High-powered framework for cross-validation. Fold your data like it’s paper!
Authors: Jeremy Coyle, Nima Hejazi, Ivana Malenica, and Rachael Phillips
origami
is an R package that provides a general framework for the
application of cross-validation schemes to particular functions. By
allowing arbitrary lists of results, origami
accommodates a range of
cross-validation applications.
For standard use, we recommend installing the package from CRAN via
install.packages("origami")
You can install a stable release of origami
from GitHub via
devtools
with:
devtools::install_github("tlverse/origami")
For details on how best to use origami
, please consult the package
documentation and introductory
vignette
online, or do so from within R.
This minimal example shows how to use origami
to apply
cross-validation to the computation of a simple descriptive statistic
using a sample data set. In particular, we obtain a cross-validated
estimate of the mean:
library(stringr)
library(origami)
#> origami v1.0.4: Generalized Framework for Cross-Validation
set.seed(4795)
data(mtcars)
head(mtcars)
#> mpg cyl disp hp drat wt qsec vs am gear carb
#> Mazda RX4 21.0 6 160 110 3.90 2.620 16.46 0 1 4 4
#> Mazda RX4 Wag 21.0 6 160 110 3.90 2.875 17.02 0 1 4 4
#> Datsun 710 22.8 4 108 93 3.85 2.320 18.61 1 1 4 1
#> Hornet 4 Drive 21.4 6 258 110 3.08 3.215 19.44 1 0 3 1
#> Hornet Sportabout 18.7 8 360 175 3.15 3.440 17.02 0 0 3 2
#> Valiant 18.1 6 225 105 2.76 3.460 20.22 1 0 3 1
# build a cv_fun that wraps around lm
cv_lm <- function(fold, data, reg_form) {
# get name and index of outcome variable from regression formula
out_var <- as.character(unlist(str_split(reg_form, " "))[1])
out_var_ind <- as.numeric(which(colnames(data) == out_var))

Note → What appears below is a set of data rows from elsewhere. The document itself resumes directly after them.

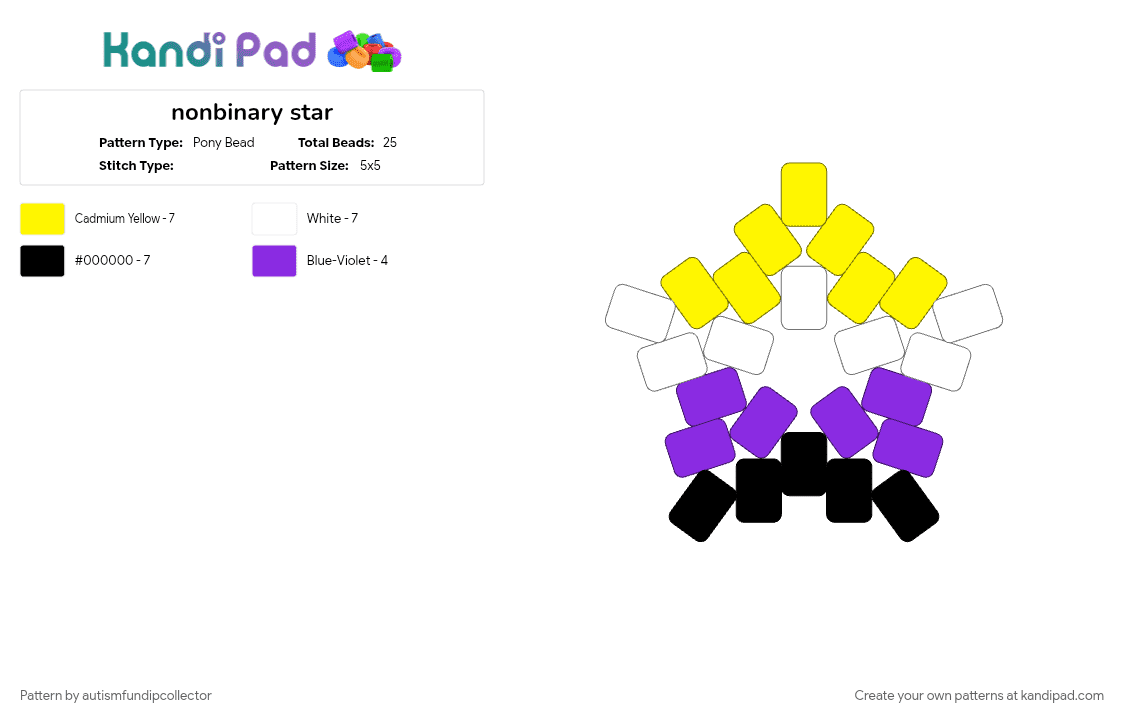 nonbinary star - Pony Bead Pattern by autismfundipcollector on Kandi Pad - purple, yellow
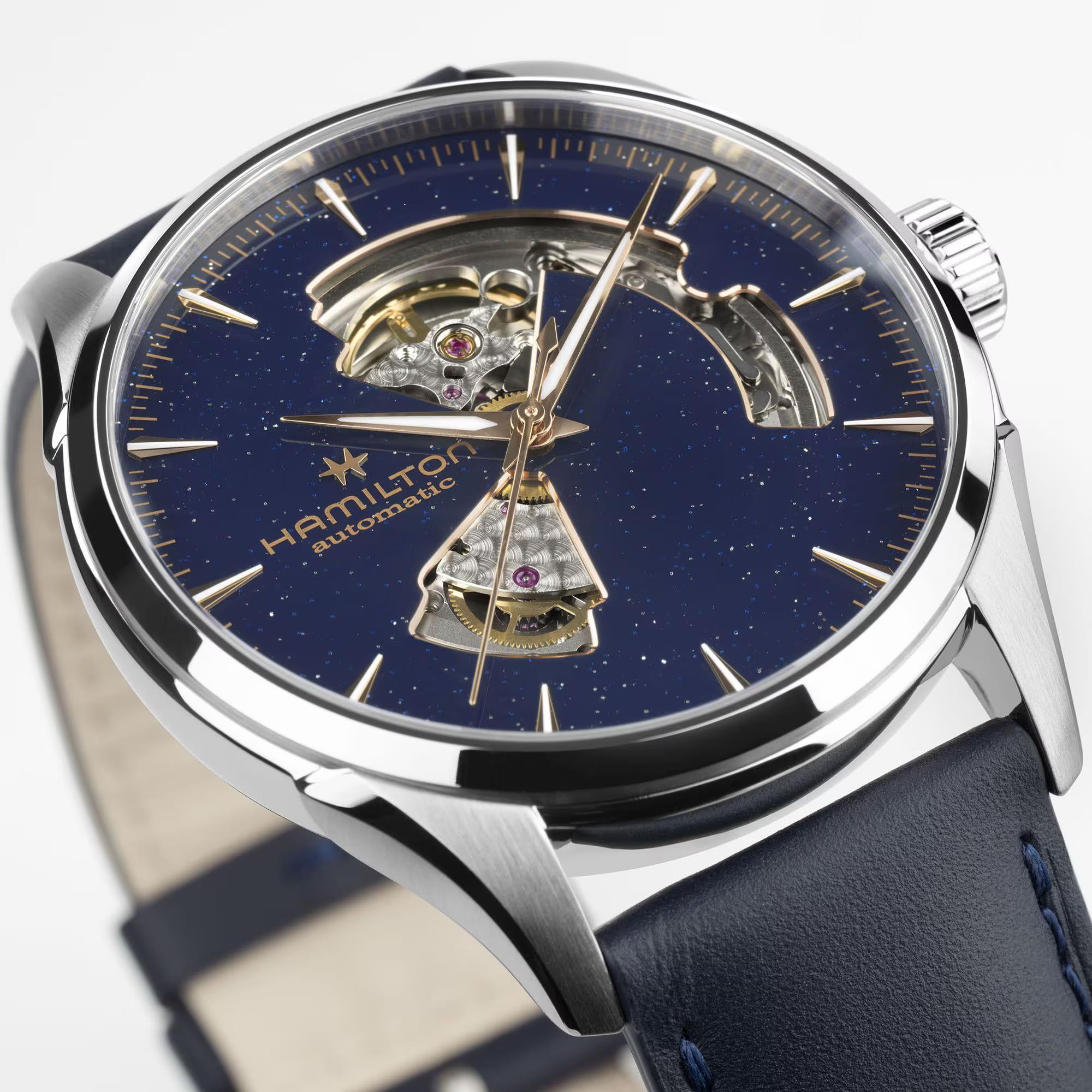 Hamilton Jazzmaster 42mm Open Heart Blue Dial Leather Mens Automatic Watch H32705640
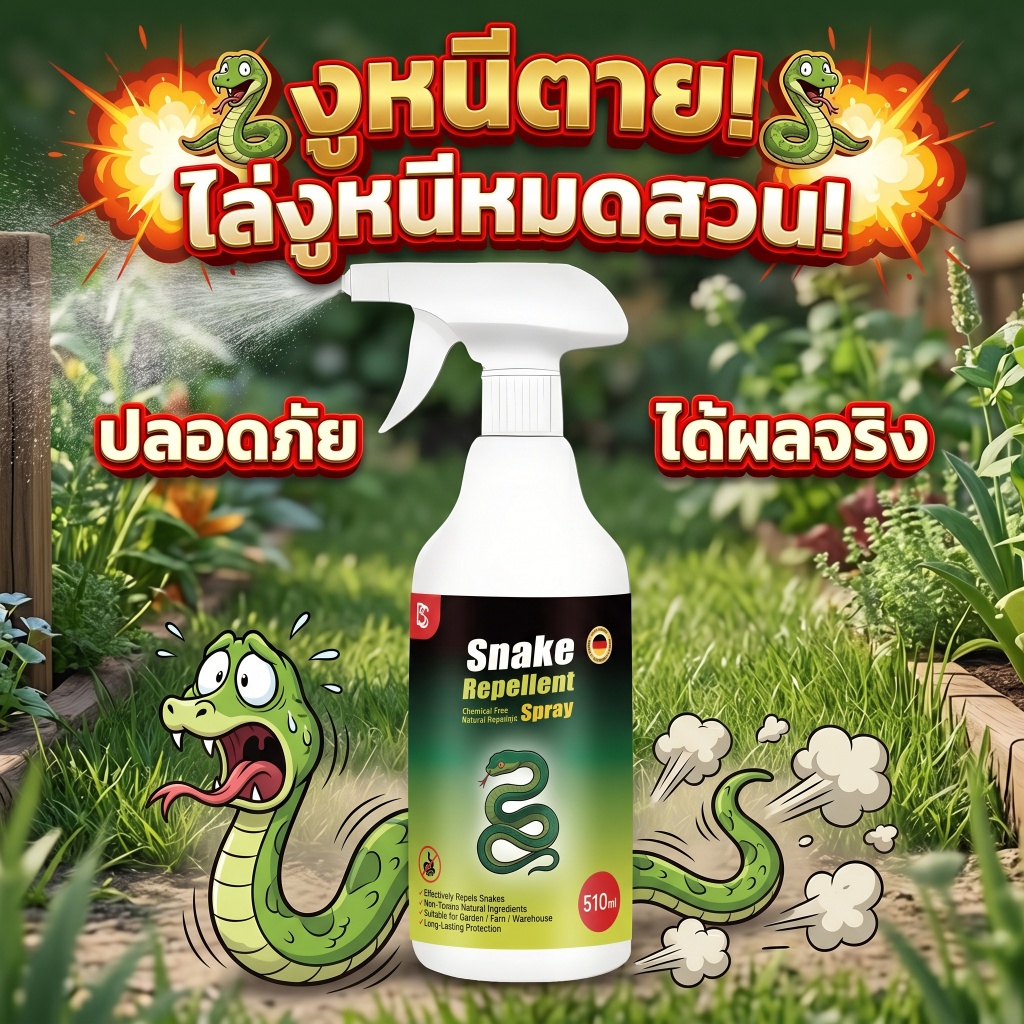 🐍ระยะ1000ม. ได้ผล100% ป้องกันตลอดปี🚫สเปรย์ไล่งู ไล่งู สเปรย์กำจัดยุง  ส่วนผสมธรรมชาติ ปลอดภัยเด็ก 510มล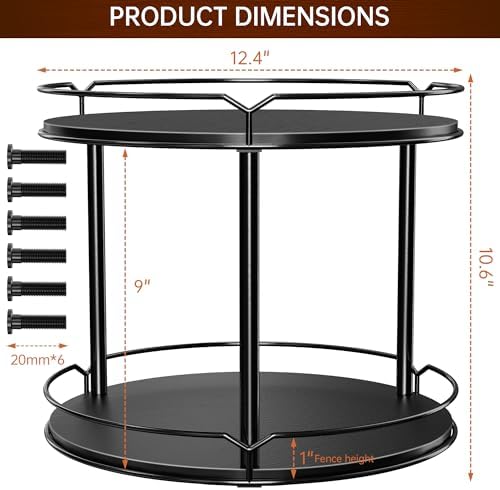 Lazy Susan Organizer 2 Tier - 12.4" Turntable Spice Rack for Table Top, Wooden Rotating Lazy Susan for Cabinet Pantry Kitchen Countertop Dining Table Cupboard Bathroom Vanity Storage(Black) - Image 3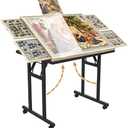 Foldable Puzzle Table with Drawers 1500pcs, 35"x26" Adjustable Tilting Jigsaw Puzzle Table for Adults, Portable Design with Legs, Lockable Wheels & Protective Cover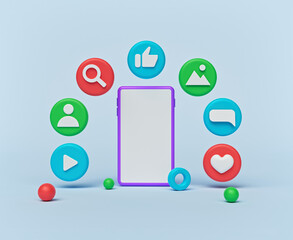 Poster - smartphone with colorful technology icons. minimal design. 3d rendering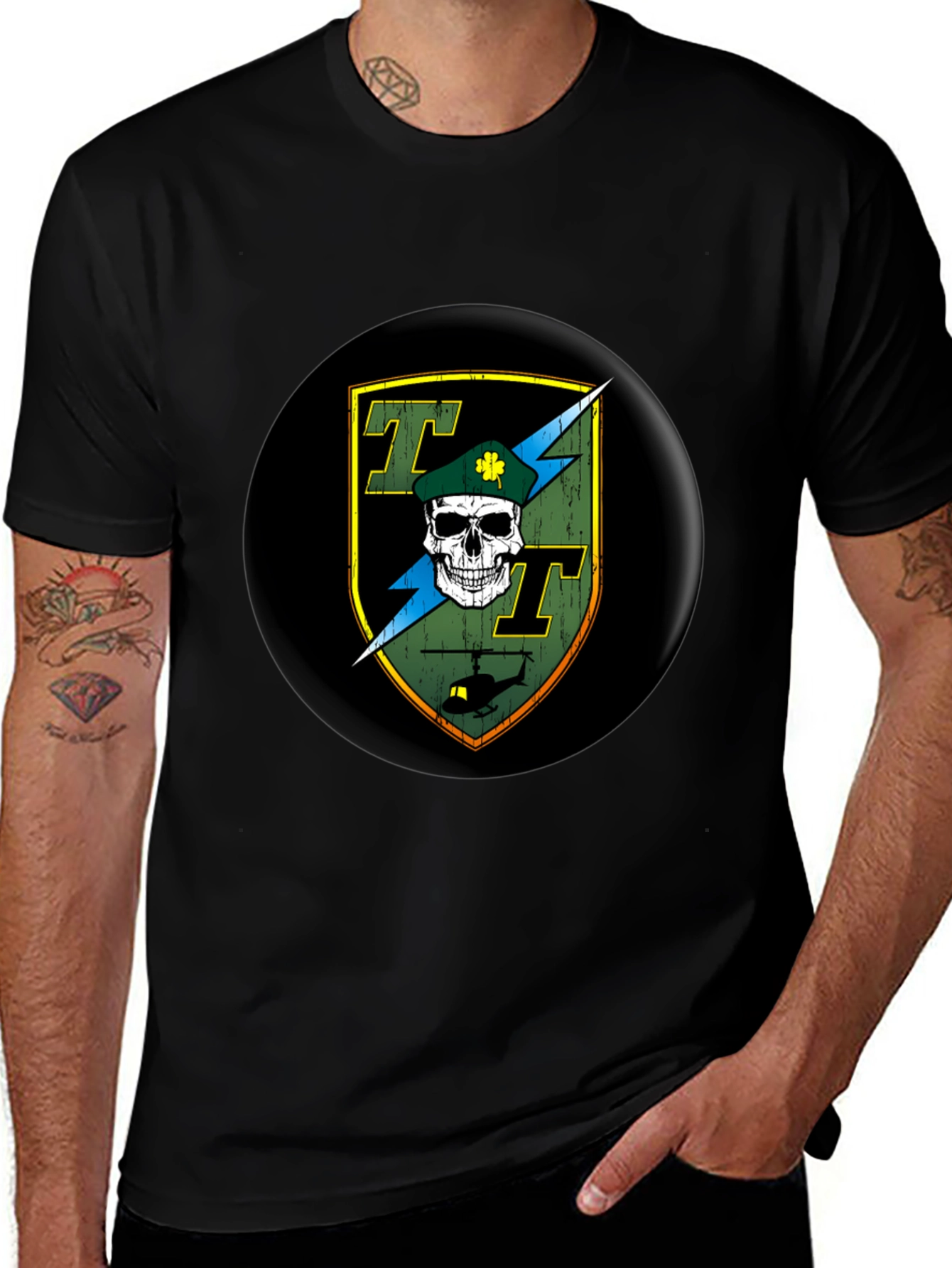 Skull and Helicopter Graphic Tee - Black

# split up data into training and validation sets
train_data <- training(data)
valid_data <- validation(data)
# fit linear model on training set and predict on validation set
mod <- lm(as.formula(reg_form), data = train_data)
preds <- predict(mod, newdata = valid_data)
# capture results to be returned as output
out <- list(coef = data.frame(t(coef(mod))),
SE = ((preds - valid_data[, out_var_ind])^2))
return(out)
}
folds <- make_folds(mtcars)
results <- cross_validate(cv_fun = cv_lm, folds = folds, data = mtcars,
reg_form = "mpg ~ .")
mean(results$SE)
#> [1] 15.18558
For details on how to write wrappers (cv_fun
s) for use with
origami::cross_validate
, please consult the documentation and
vignettes that accompany the package.
If you encounter any bugs or have any specific feature requests, please file an issue.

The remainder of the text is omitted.